WHAT YOU ARE ASKED TO DO >> From the first line to the last, copy the material exactly.
--
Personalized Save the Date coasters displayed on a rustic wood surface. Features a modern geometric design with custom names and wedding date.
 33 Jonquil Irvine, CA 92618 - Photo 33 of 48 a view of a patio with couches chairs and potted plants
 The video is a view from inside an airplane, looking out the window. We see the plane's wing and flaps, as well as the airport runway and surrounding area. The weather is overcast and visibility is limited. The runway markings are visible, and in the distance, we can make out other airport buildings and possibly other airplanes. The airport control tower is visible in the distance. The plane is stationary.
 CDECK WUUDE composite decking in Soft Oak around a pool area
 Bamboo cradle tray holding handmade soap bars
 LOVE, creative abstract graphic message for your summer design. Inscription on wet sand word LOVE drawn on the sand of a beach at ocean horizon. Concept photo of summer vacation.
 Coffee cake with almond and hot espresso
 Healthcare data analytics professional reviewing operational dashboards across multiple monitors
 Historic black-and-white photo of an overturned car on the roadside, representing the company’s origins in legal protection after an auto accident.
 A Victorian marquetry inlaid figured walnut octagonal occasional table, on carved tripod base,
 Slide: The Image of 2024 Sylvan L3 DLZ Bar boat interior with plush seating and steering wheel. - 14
--
ANSWER >>
Personalized Save the Date coasters displayed on a rustic wood surface. Features a modern geometric design with custom names and wedding date.
 33 Jonquil Irvine, CA 92618 - Photo 33 of 48 a view of a patio with couches chairs and potted plants
 The video is a view from inside an airplane, looking out the window. We see the plane's wing and flaps, as well as the airport runway and surrounding area. The weather is overcast and visibility is limited. The runway markings are visible, and in the distance, we can make out other airport buildings and possibly other airplanes. The airport control tower is visible in the distance. The plane is stationary.
 CDECK WUUDE composite decking in Soft Oak around a pool area
 Bamboo cradle tray holding handmade soap bars
 LOVE, creative abstract graphic message for your summer design. Inscription on wet sand word LOVE drawn on the sand of a beach at ocean horizon. Concept photo of summer vacation.
 Coffee cake with almond and hot espresso
 Healthcare data analytics professional reviewing operational dashboards across multiple monitors
 Historic black-and-white photo of an overturned car on the roadside, representing the company’s origins in legal protection after an auto accident.
 A Victorian marquetry inlaid figured walnut octagonal occasional table, on carved tripod base,
 Slide: The Image of 2024 Sylvan L3 DLZ Bar boat interior with plush seating and steering wheel. - 14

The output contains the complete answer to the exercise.